- **COLLECTED MATERIAL**:
————————

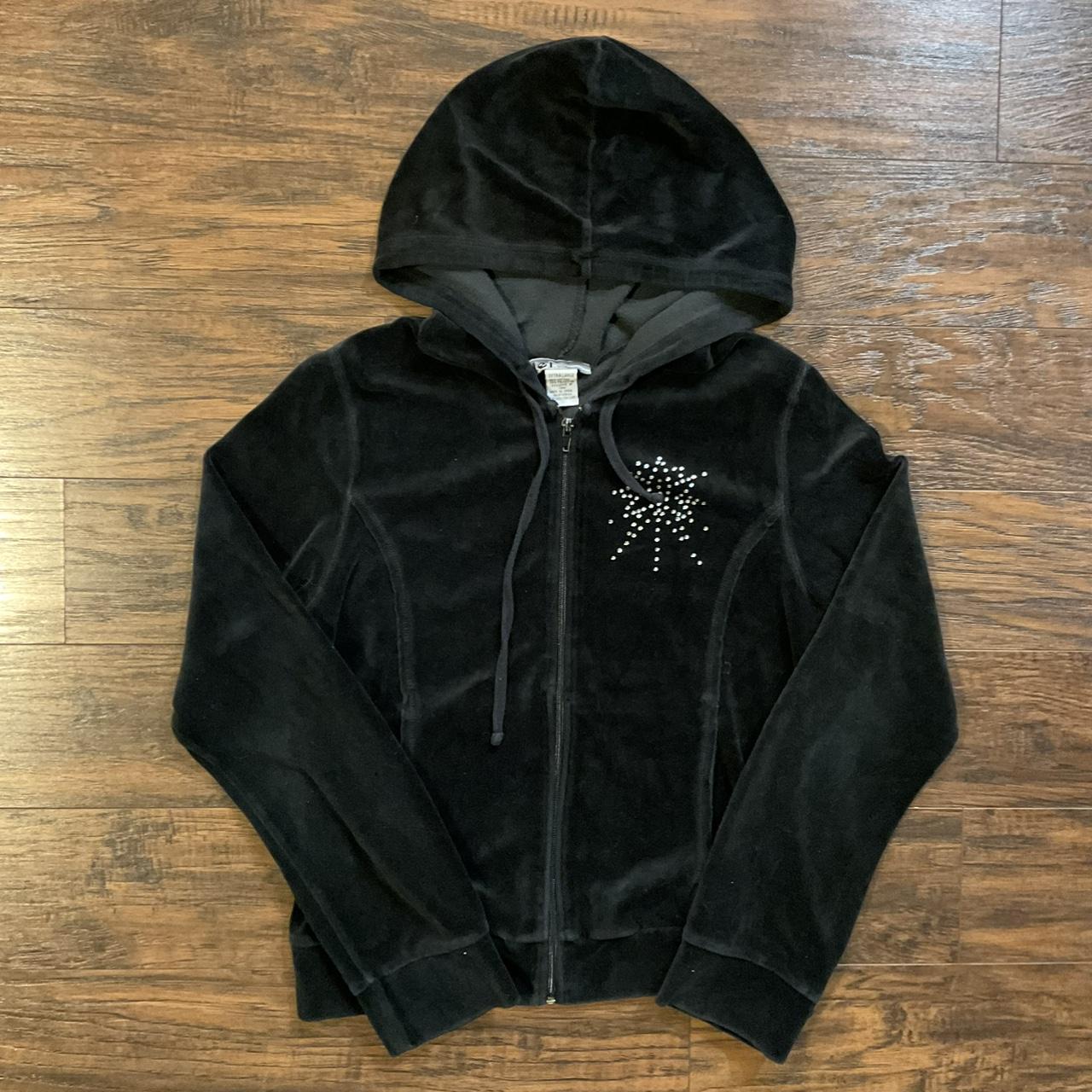 Deadstock velour sales hoodie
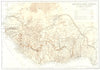 French West Africa. Senegal Guinea Liberia Niger Mali Ivory Coast Ghana 1910 map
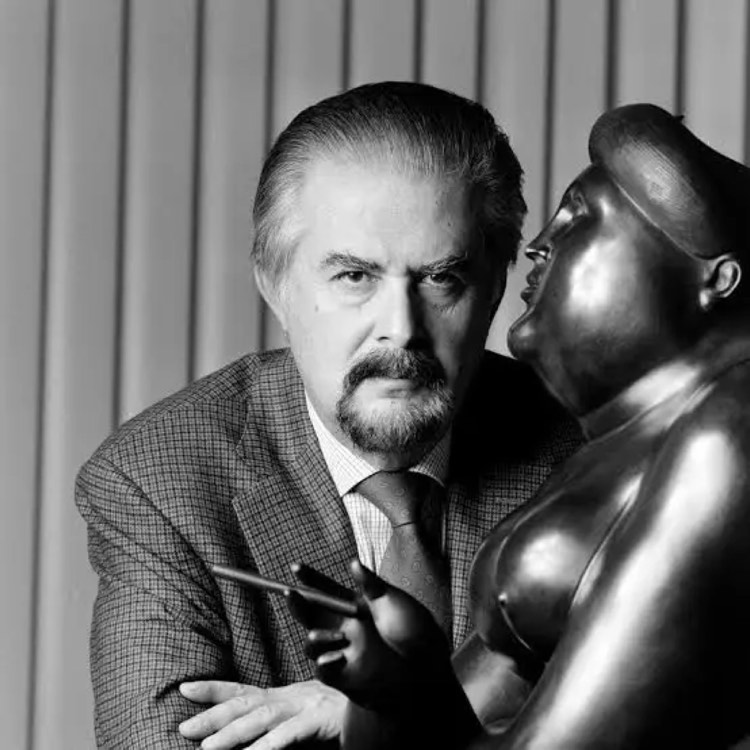 Fernando Botero — Retrato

————————

- **WORK ITEM**: Return the whole listing word for word, minus its pictures.

- **ANSWER SECTION**:
 Deadstock velour sales hoodie
 French West Africa. Senegal Guinea Liberia Niger Mali Ivory Coast Ghana 1910 map
 Fernando Botero — Retrato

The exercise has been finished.